::: STORED DATA
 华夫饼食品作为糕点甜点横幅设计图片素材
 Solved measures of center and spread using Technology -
::::::
::: STORED DATA
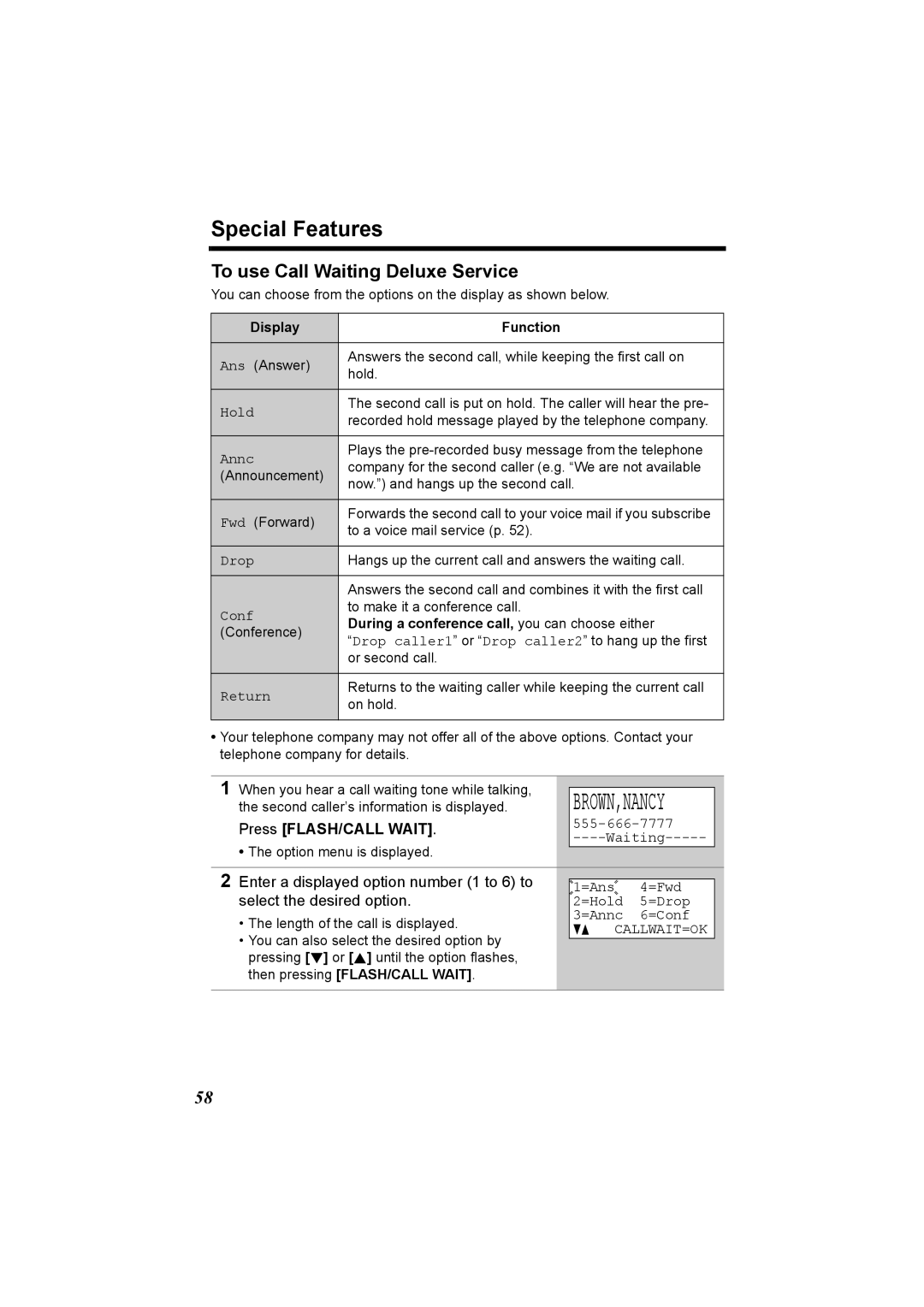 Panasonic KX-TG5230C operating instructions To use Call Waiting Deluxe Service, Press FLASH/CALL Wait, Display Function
::::::
::: STORED DATA
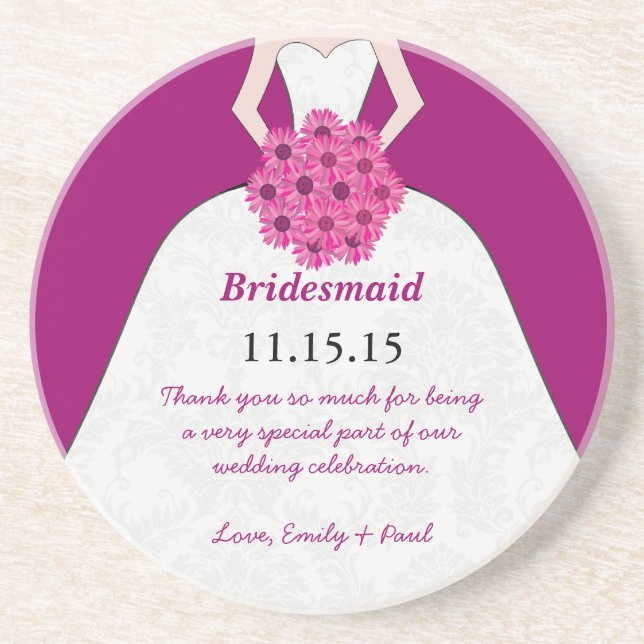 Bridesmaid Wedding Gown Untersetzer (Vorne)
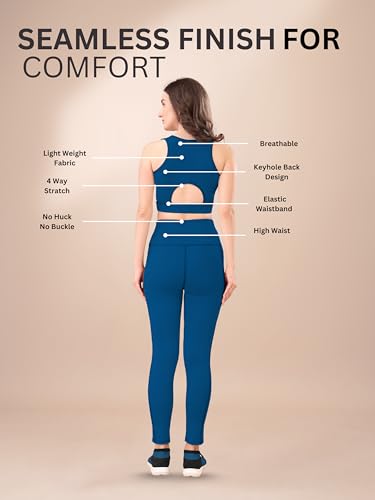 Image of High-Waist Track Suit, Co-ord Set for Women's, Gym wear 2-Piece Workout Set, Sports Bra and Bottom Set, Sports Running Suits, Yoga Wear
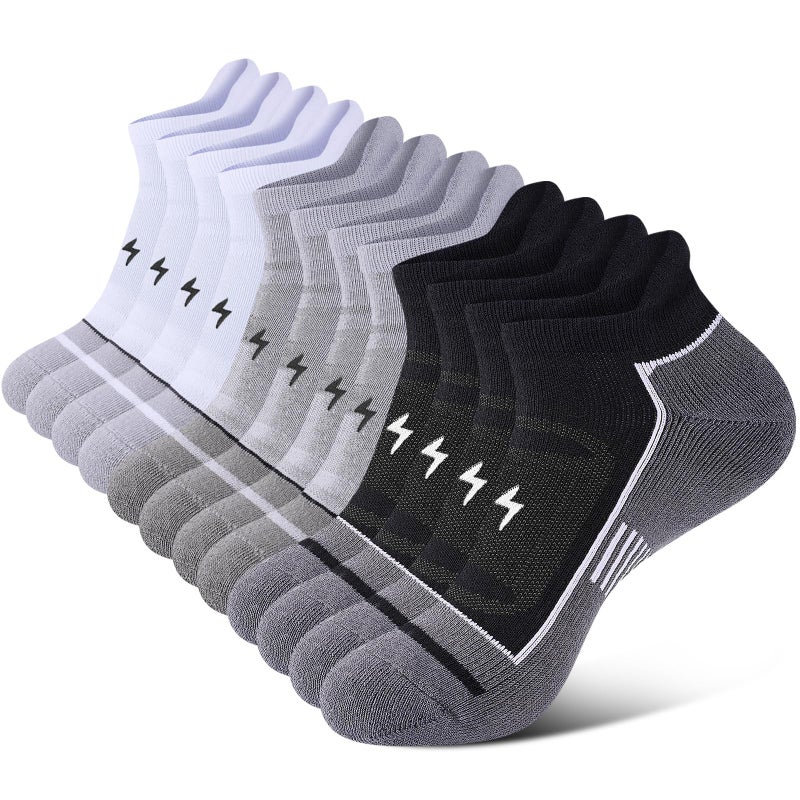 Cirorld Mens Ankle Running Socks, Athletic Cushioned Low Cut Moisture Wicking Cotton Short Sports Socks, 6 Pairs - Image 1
::::::
__ABOUT THIS EXERCISE__:
Taking the listing above as the source, transcribe only the lines starting at the line with "华夫饼食品作为糕点甜点横幅设计图片素材" and going through the line with "Solved measures of", unaltered and with both ends included.

__RESULT__:
 华夫饼食品作为糕点甜点横幅设计图片素材
 Solved measures of center and spread using Technology -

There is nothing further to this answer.